- AIM OF THE TASK
From the line containing "Robinia neomexicana Flower" down to the line containing "Anatomía I Lumbalgia", copy out the entries below exactly, both lines included, and nothing else; pictures do not belong in the copy.

- SUPPLIED DATA
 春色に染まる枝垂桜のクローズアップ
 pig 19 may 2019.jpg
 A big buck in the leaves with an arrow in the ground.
...
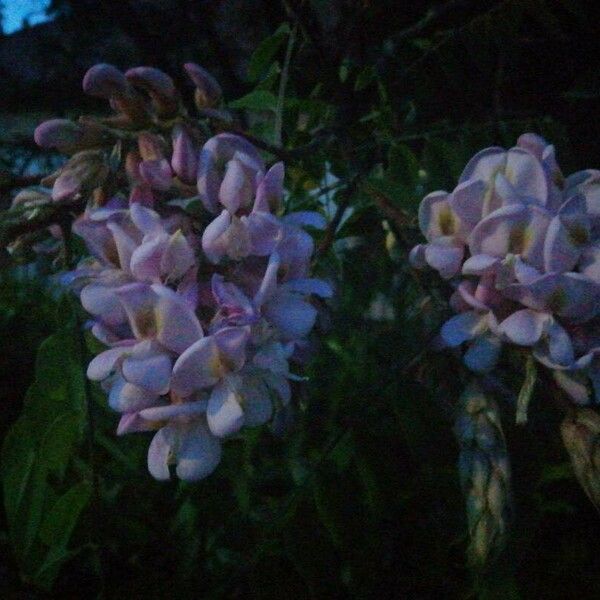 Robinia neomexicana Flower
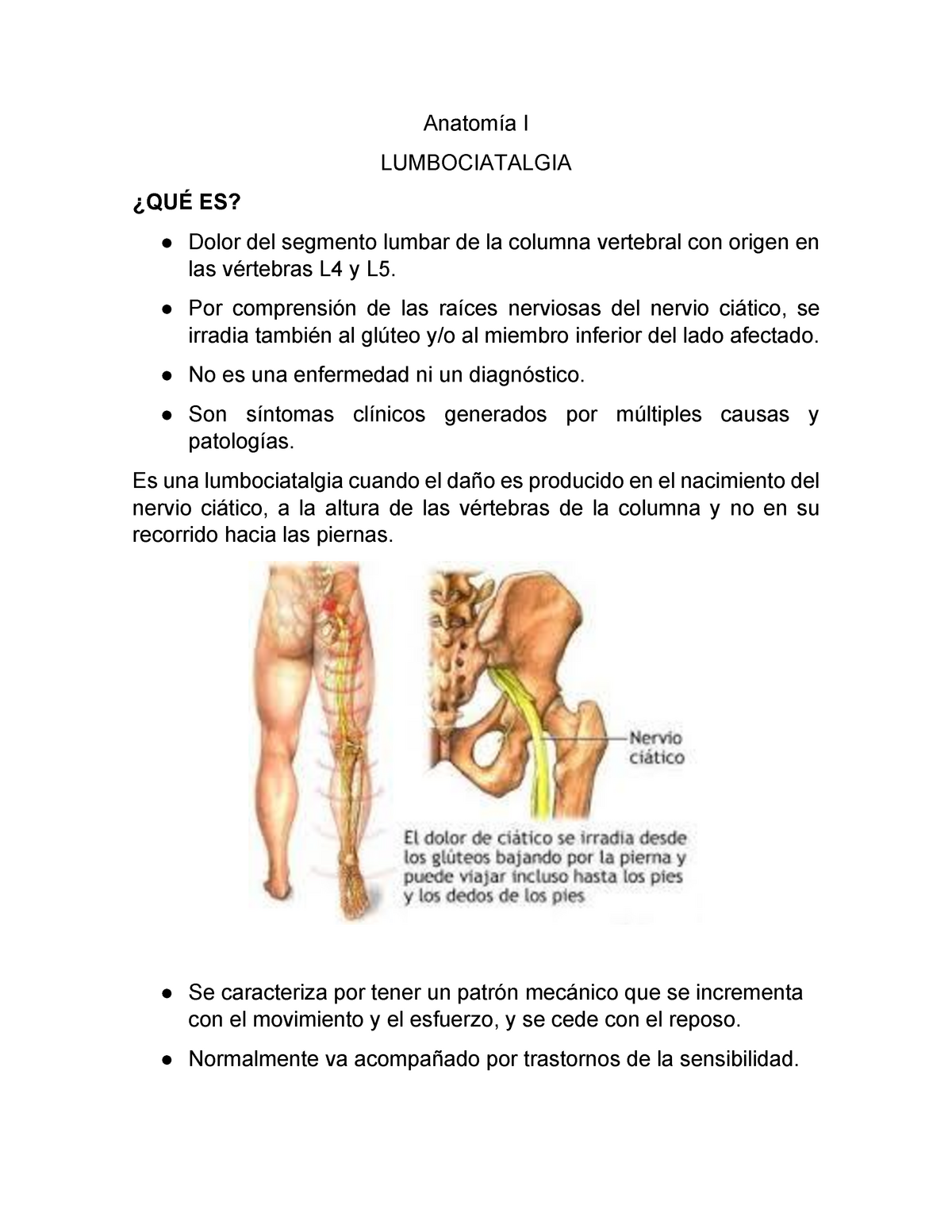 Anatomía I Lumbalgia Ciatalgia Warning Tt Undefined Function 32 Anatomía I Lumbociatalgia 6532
==
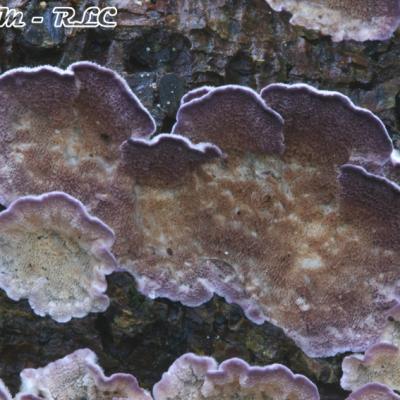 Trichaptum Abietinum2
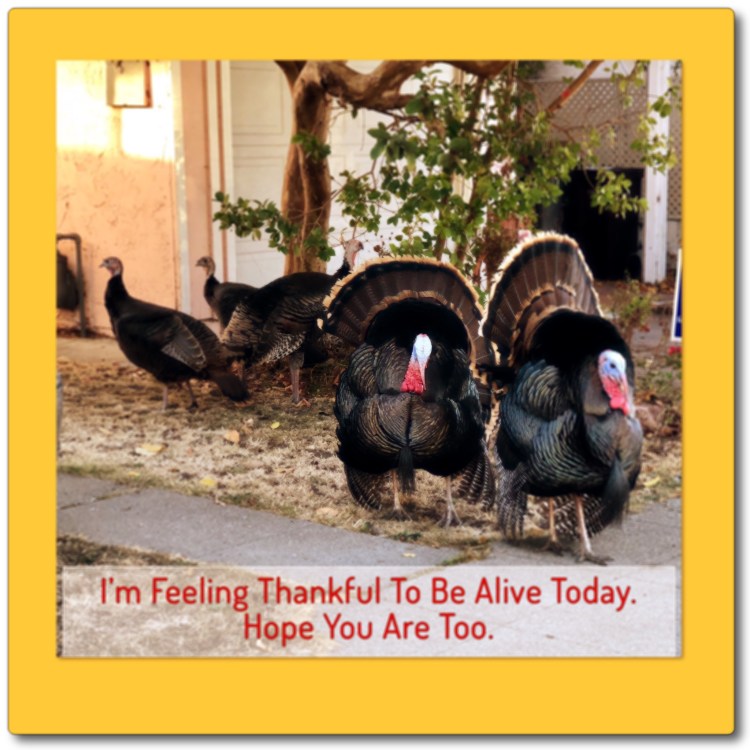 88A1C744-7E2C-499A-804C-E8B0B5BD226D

- EXERCISE SOLUTION
 Robinia neomexicana Flower
 Anatomía I Lumbalgia Ciatalgia Warning Tt Undefined Function 32 Anatomía I Lumbociatalgia 6532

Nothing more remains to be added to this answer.